The one exception, Campbell v. United States Dist. Ct, 501 F.2d 1% (9th Cir. 1974), remains relevant because the legislative history of the 1976 Federal Magistrate Act amendments quoted Campbell tor the proposition that if "neither party contests the magistrate's proposed findings of fact, the court may assume their correctness and decide the motion on the applicable law." See Thomas, 474 U.S. at 150, n. 9, 106 S.Ct. 466.2 The petitioner in Thomas argued that this quote from the legislative history evidenced Congressional intent to require de novo review of a magistrate's legal conclusions. Id,

The Supreme Court disagreed and found that the quoted language from Campbell "was part of a longer quotation setting a de novo review standard when objections are filed.... We believe, therefore, that the House Report used the language from Campbell only to support a de novo standard upon the filing of objections and not for any other proposition." Id. (emphasis added). Thus, as interpreted by the Supreme Court, Campbell does not provide Ninth Circuit guidance on the need for review of unobjected-to magistrate recommendations.

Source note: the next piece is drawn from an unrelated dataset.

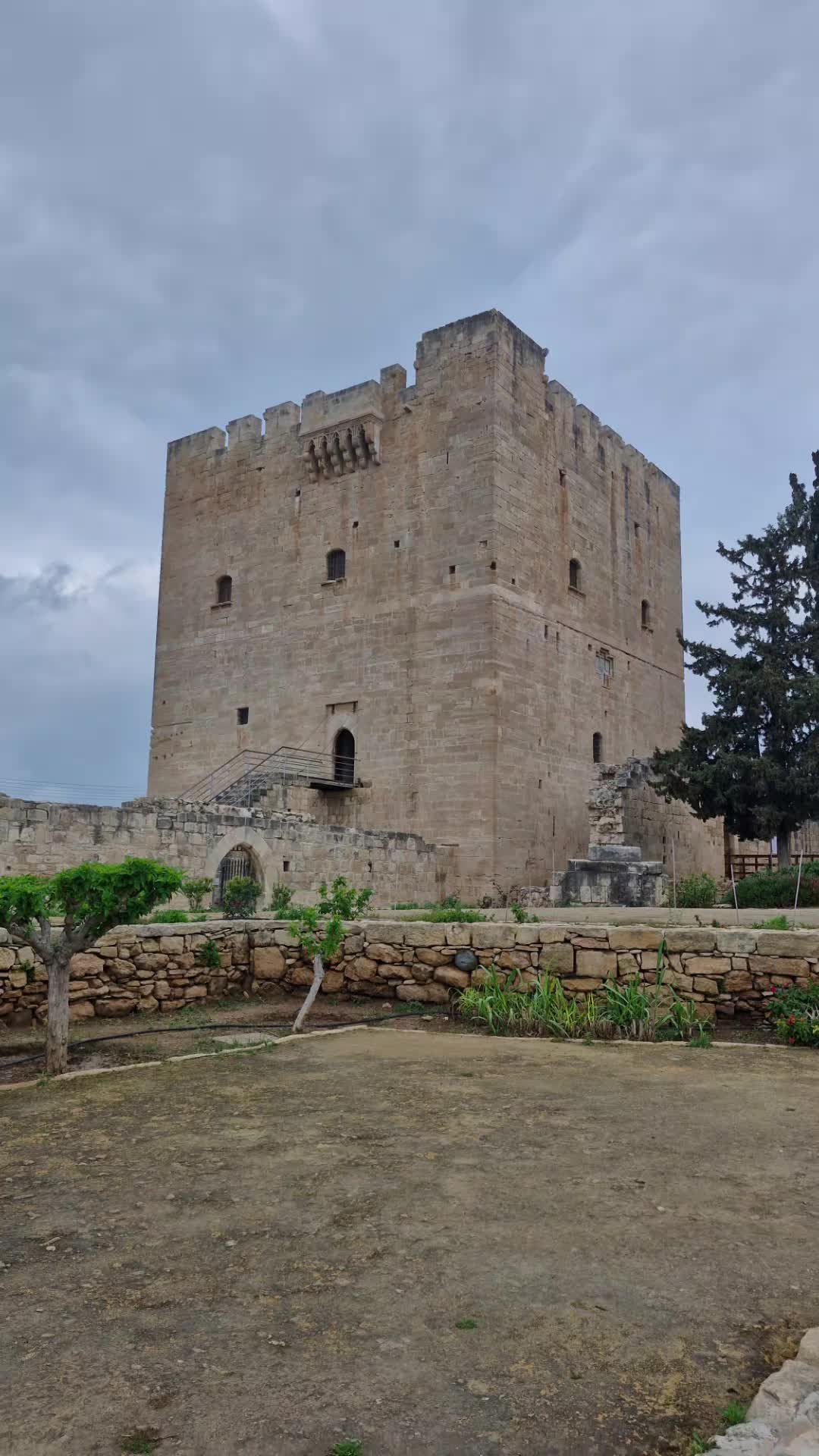 Колосский замок (Kolossi Castle)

The Ninth Circuit next considered the issue of objections to a magistrate's recommendations in McCall v. Andrus, 628 F.2d 1185 (9th Cir.1980). There, the Ninth Circuit noted that the plaintiff was "barred from raising this issue because he failed to object to the magistrate's recommendation that the trial court find that there was substantial evidence in the record to support the Board's decision." Id. at 1189. The court of appeals only addressed appellate review, however, and did not offer citation or analysis for its statement. Moreover, the court of appeals proceeded to address and reject the merits of plaintiffs contested legal issue. Id. McCall, therefore, is not helpful in determining the correct procedure to be employed by the district court in evaluating a magistrate's unobjected-to recommendations.

Three years later, in Britt v. Simi Valley Unified School District, 708 F.2d 452 (9th Cir.1983), the court of appeals concluded that 28 U.S.C. § 636(b) and Article III of the U.S. Constitution required a rule allowing a party to contest a magistrate's legal conclusions even when no objections were filed:

The [Federal Magistrate] Act's sponsors made it clear that magistrates remain subject to the supervision of the district judges and that the authority for making final decisions remains at all times with the judge.

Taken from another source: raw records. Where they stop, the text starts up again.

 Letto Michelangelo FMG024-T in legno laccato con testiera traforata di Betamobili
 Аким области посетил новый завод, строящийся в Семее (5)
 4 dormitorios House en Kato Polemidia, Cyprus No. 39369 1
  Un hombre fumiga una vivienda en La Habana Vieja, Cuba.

Under § 636(b)(1)(B) the authority and the responsibility to make an informed final determination rests with the judge. The delegation of duties to the magistrate does not violate Article III if the ultimate decision is made by the district court.

The court's power to "accept, reject, or modify, in whole or in part, the findings or recommendations made by the magistrate" exists whether objections have been filed or not. The district court must decide for itself whether the magistrate's report is correct. Without this judicial review, the magistrate's performance of the inherently judicial act of granting a motion to dismiss would be constitutionally suspect. This court has held that a district court with responsibility to make an ultimate decision based on a magistrate's recommendation under § 636(b)(1)(A) should consider the legal issues involved, [citing Campbell]. We have also held that, in a § 636(b)(...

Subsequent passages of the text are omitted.